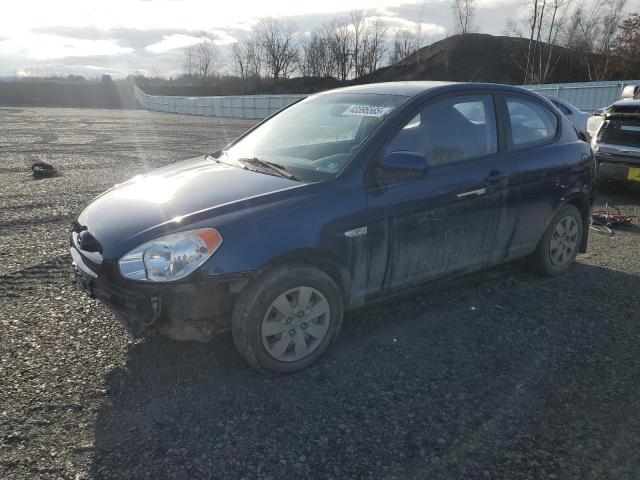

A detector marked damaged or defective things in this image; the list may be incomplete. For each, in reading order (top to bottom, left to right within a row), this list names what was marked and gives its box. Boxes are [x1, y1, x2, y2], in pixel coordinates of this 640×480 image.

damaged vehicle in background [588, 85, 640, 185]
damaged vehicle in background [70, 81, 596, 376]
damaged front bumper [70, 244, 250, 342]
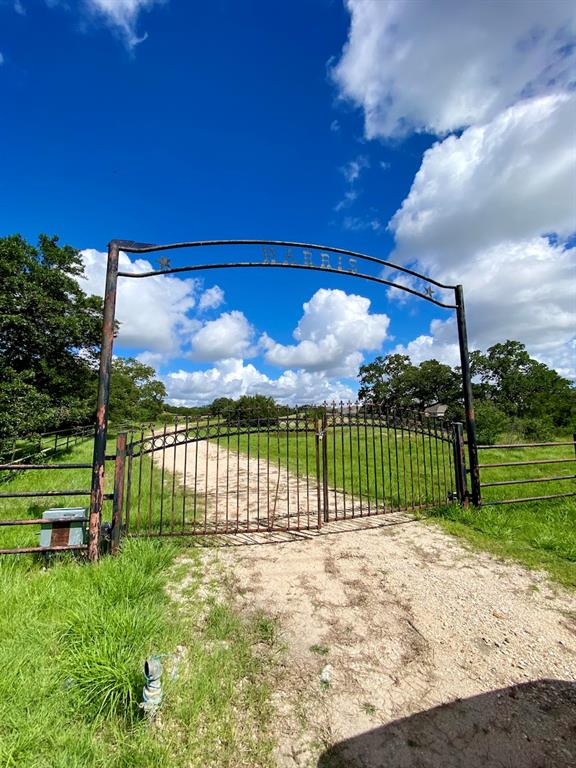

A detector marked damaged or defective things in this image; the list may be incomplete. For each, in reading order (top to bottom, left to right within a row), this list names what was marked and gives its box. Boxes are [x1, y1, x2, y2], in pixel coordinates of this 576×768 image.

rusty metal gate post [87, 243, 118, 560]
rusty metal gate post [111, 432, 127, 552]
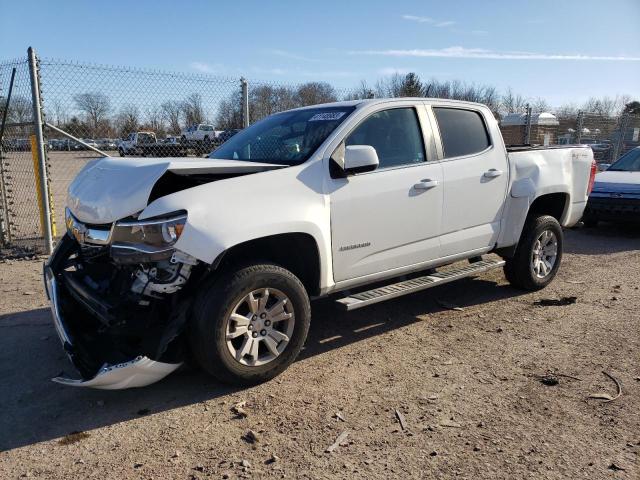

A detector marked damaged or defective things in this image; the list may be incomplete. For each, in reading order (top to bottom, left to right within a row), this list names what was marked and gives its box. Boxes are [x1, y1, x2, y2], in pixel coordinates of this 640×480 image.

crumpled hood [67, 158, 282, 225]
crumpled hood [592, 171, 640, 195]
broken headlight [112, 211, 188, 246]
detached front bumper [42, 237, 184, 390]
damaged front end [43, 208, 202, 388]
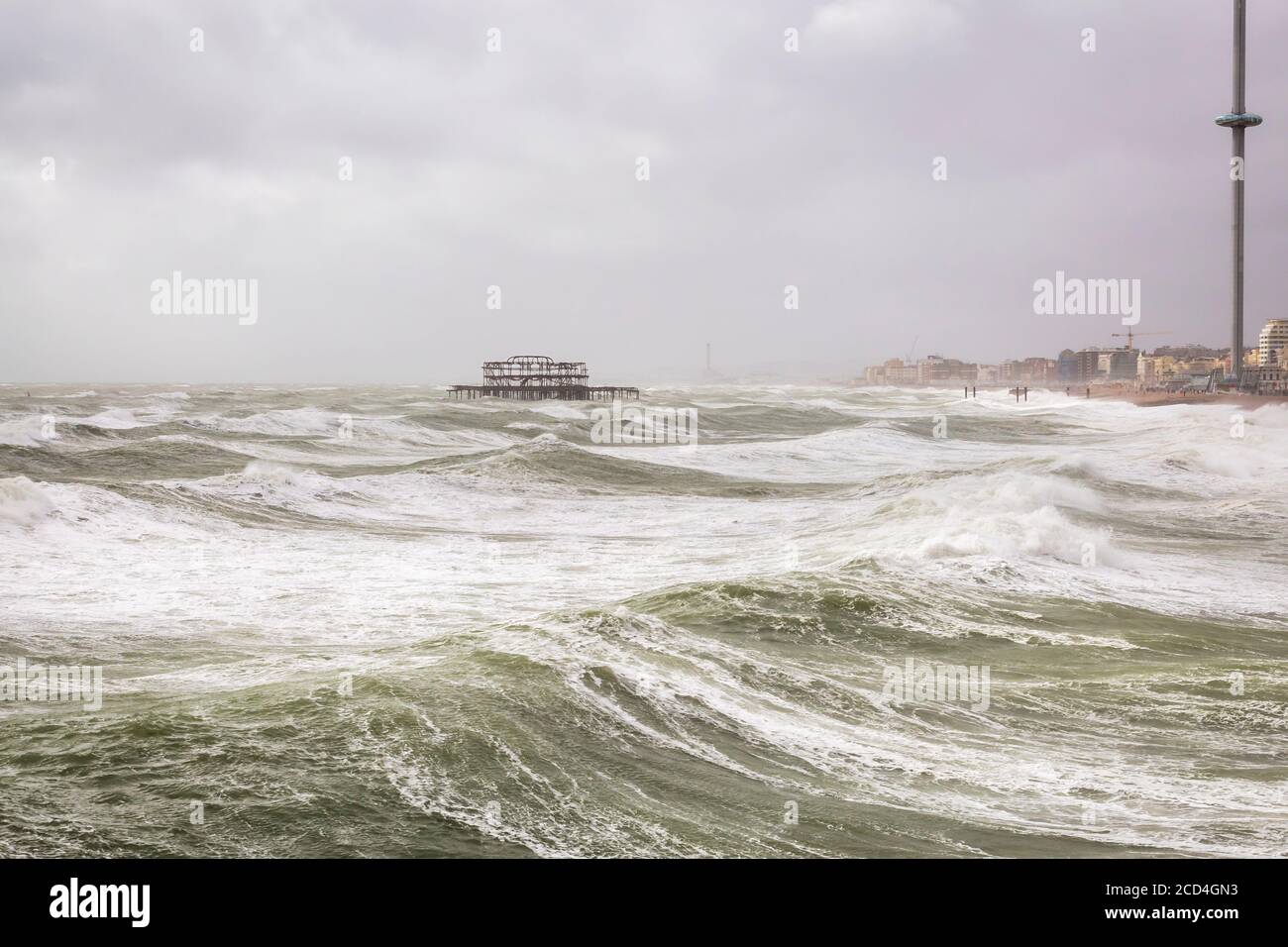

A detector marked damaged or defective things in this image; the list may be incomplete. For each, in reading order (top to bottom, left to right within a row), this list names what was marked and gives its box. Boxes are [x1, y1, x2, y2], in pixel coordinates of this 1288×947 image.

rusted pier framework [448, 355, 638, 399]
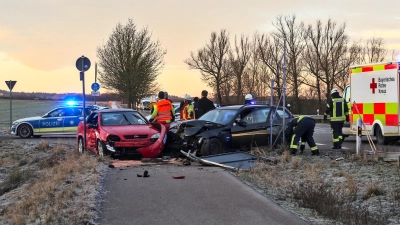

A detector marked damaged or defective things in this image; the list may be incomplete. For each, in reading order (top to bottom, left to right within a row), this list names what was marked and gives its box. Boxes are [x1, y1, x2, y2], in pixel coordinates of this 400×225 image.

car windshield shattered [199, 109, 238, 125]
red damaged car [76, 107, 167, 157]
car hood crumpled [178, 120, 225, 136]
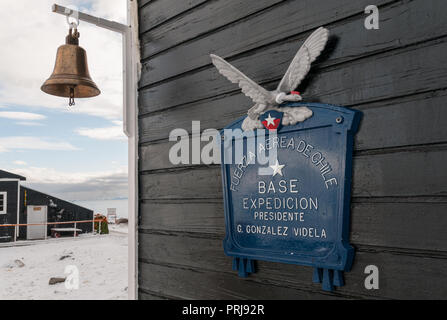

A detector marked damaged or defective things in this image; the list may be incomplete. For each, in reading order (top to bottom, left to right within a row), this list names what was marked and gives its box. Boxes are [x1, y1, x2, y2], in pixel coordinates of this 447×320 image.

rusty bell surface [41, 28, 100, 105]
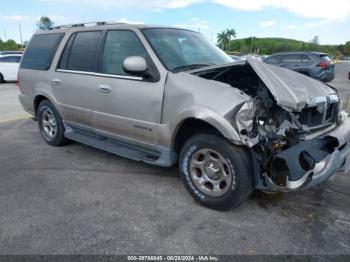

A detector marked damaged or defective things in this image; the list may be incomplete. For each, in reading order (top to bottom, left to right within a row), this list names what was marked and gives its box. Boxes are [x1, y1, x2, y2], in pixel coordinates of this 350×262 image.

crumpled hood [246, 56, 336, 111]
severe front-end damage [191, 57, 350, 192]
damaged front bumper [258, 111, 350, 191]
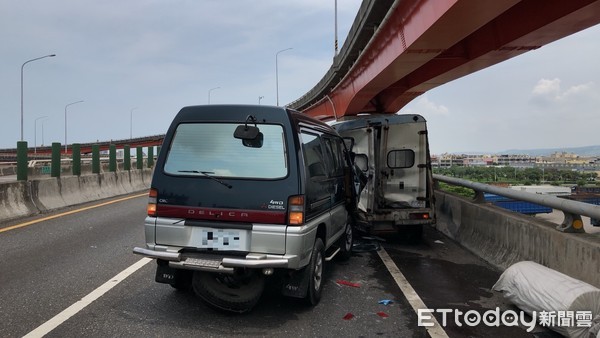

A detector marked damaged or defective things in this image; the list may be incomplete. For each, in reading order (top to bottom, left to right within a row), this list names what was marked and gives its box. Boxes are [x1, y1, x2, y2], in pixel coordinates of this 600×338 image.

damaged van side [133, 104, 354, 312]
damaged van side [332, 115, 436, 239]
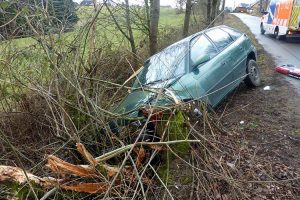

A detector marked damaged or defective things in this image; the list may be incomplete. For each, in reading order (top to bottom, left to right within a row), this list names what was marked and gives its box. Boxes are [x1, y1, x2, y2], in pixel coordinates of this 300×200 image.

(Requirement) Nothing but the lines from the line with "this 600×338 image." through the end of the listing should appear in the answer, each duplicated exactly, without pictures.

(Written response)
A detector marked damaged or defective things in this image; the list may be incomplete. For each, in reading order (top to bottom, left to right within a row), this list names what was marked and gives its box. Boxes are [x1, y1, x2, y2], in pixel coordinates of this 600×338 image.

damaged van side [133, 104, 354, 312]
damaged van side [332, 115, 436, 239]

A detector marked damaged or defective things in this image; the list may be incomplete. For each, in reading order (top to bottom, left to right within a row), this list names what was marked and gives its box. Boxes are [x1, y1, x2, y2], in pixel coordinates of this 300×200 image.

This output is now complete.